Beginning with the line of the entries below that holds "Funny poster of" and ending with the line that holds "The Independent Newspaper", transcribe each line exactly as written. Pictures stay out.

Provided data |
_ _ _ _ _

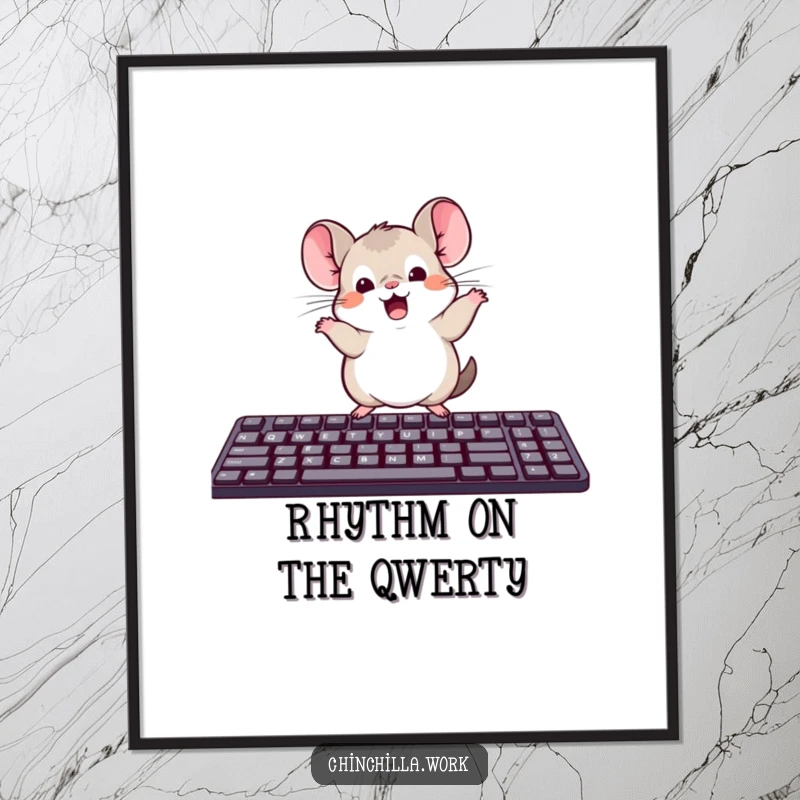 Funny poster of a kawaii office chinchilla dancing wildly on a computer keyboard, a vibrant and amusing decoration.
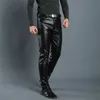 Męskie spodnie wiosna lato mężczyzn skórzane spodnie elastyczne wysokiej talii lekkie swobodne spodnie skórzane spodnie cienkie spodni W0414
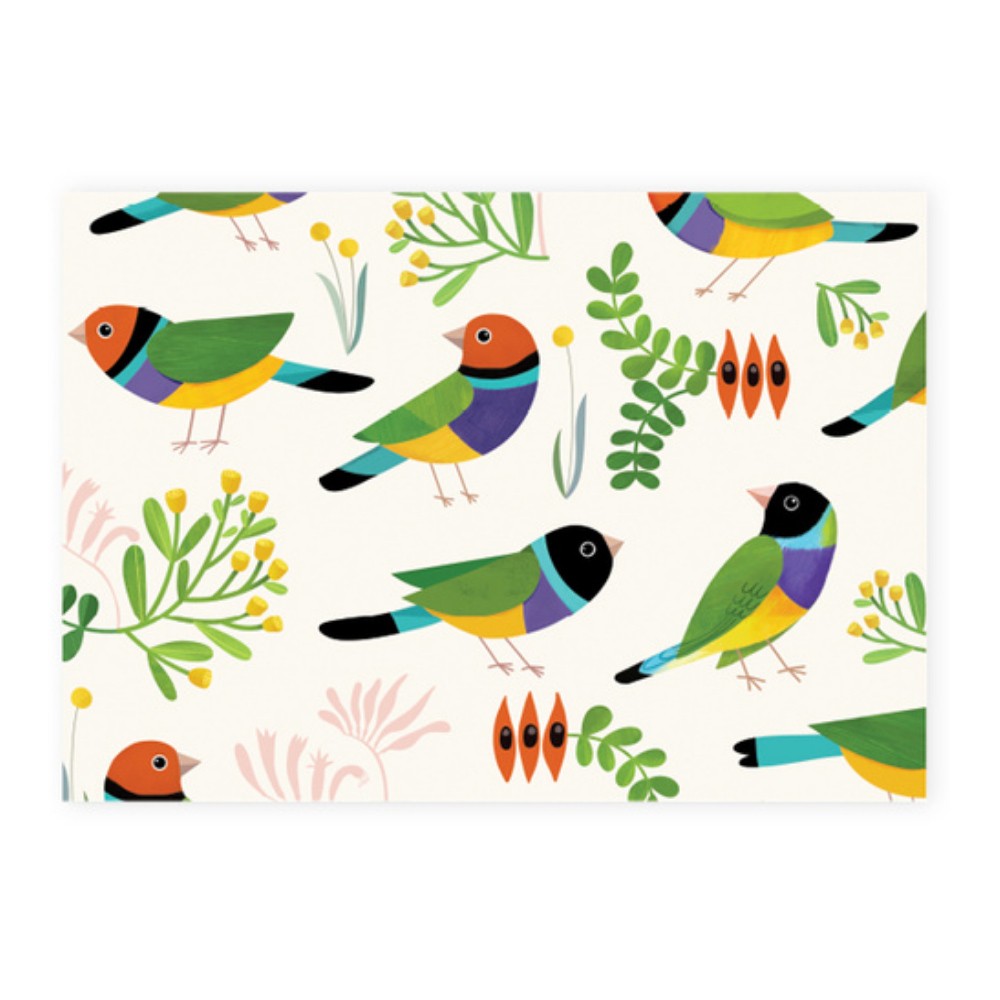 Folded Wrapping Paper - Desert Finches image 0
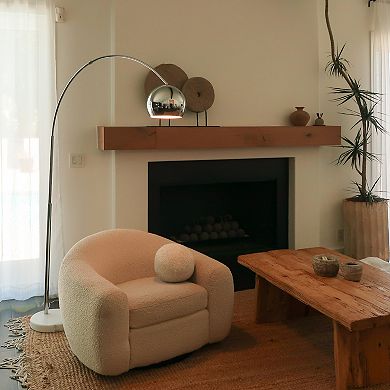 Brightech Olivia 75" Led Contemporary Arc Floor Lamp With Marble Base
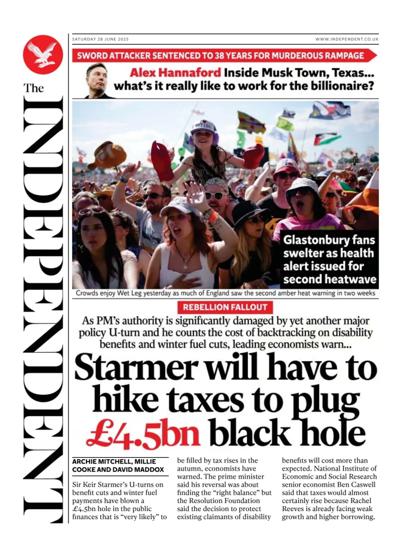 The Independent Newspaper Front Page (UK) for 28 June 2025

_ _ _ _ _

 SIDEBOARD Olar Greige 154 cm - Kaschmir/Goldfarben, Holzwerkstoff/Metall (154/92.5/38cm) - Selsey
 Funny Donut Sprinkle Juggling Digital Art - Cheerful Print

_ _ _ _ _

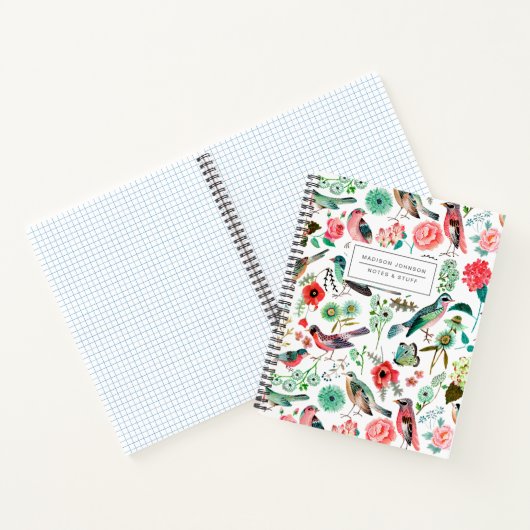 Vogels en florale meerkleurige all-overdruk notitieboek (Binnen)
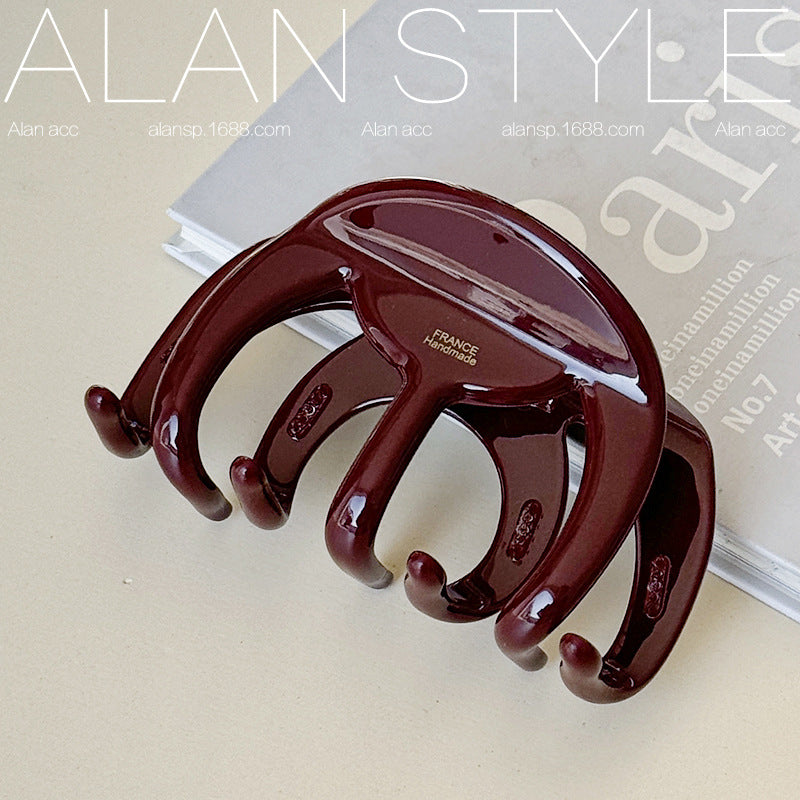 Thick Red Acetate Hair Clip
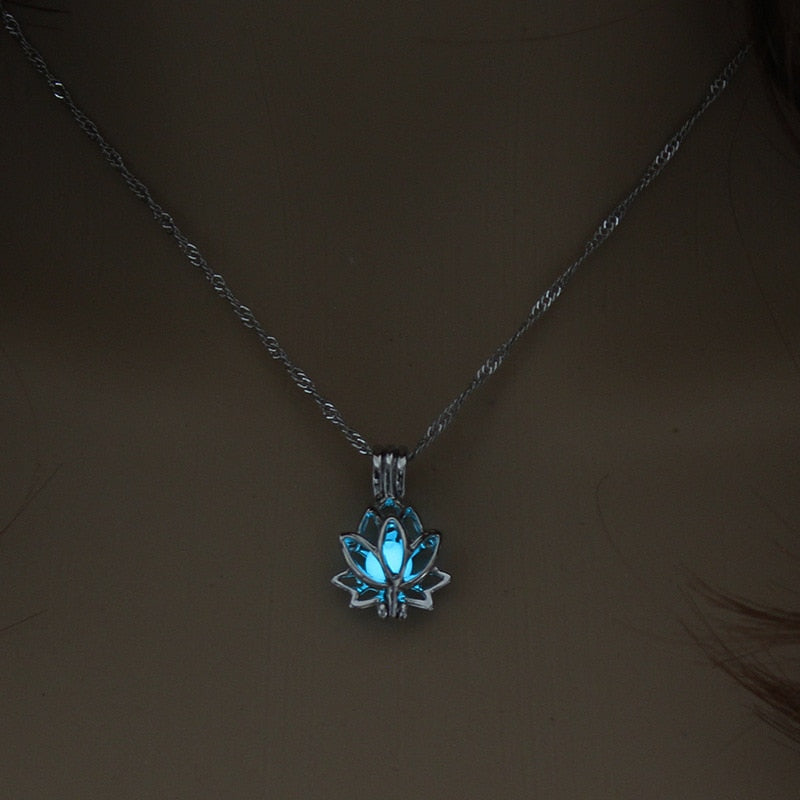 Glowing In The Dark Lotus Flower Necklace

_ _ _ _ _

Written answer |
 Funny poster of a kawaii office chinchilla dancing wildly on a computer keyboard, a vibrant and amusing decoration.
 Męskie spodnie wiosna lato mężczyzn skórzane spodnie elastyczne wysokiej talii lekkie swobodne spodnie skórzane spodnie cienkie spodni W0414
 Folded Wrapping Paper - Desert Finches image 0
 Brightech Olivia 75" Led Contemporary Arc Floor Lamp With Marble Base
 The Independent Newspaper Front Page (UK) for 28 June 2025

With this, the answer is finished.